» **Source data**
+ + + +

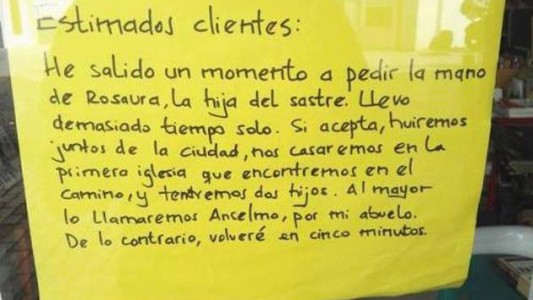 El mejor aviso de "vuelvo en cinco minutos" de la historia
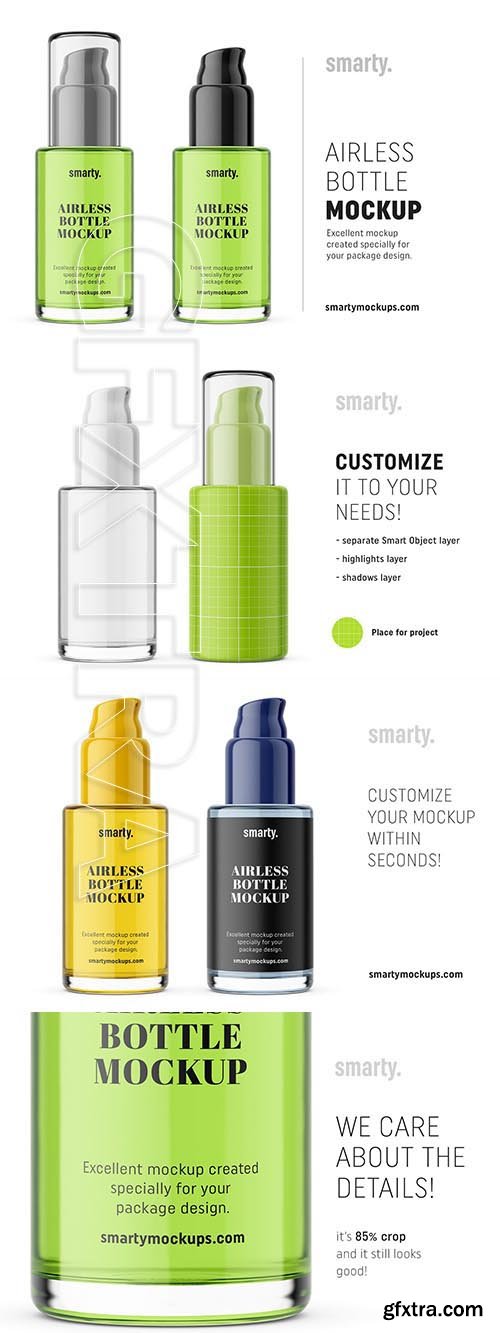 CreativeMarket - Transparent airless bottle mockup 3362283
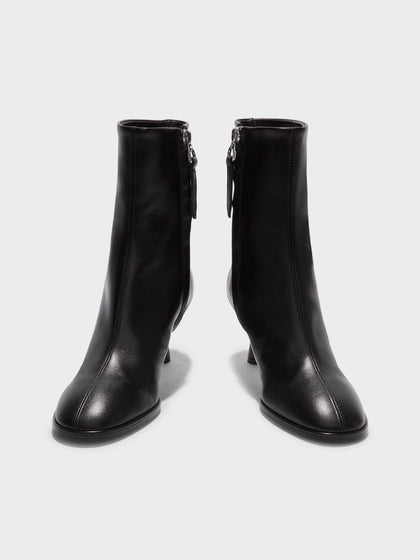 Aeyde | Dorothy Leather Ankle Boots for Women | Black Nappa | Round Toe | Mid Heel | Front View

+ + + +

» **Activity**
For the material above, repeat each line exactly and leave out the pictures.

» **Solution to this problem**
 El mejor aviso de "vuelvo en cinco minutos" de la historia
 CreativeMarket - Transparent airless bottle mockup 3362283
 Aeyde | Dorothy Leather Ankle Boots for Women | Black Nappa | Round Toe | Mid Heel | Front View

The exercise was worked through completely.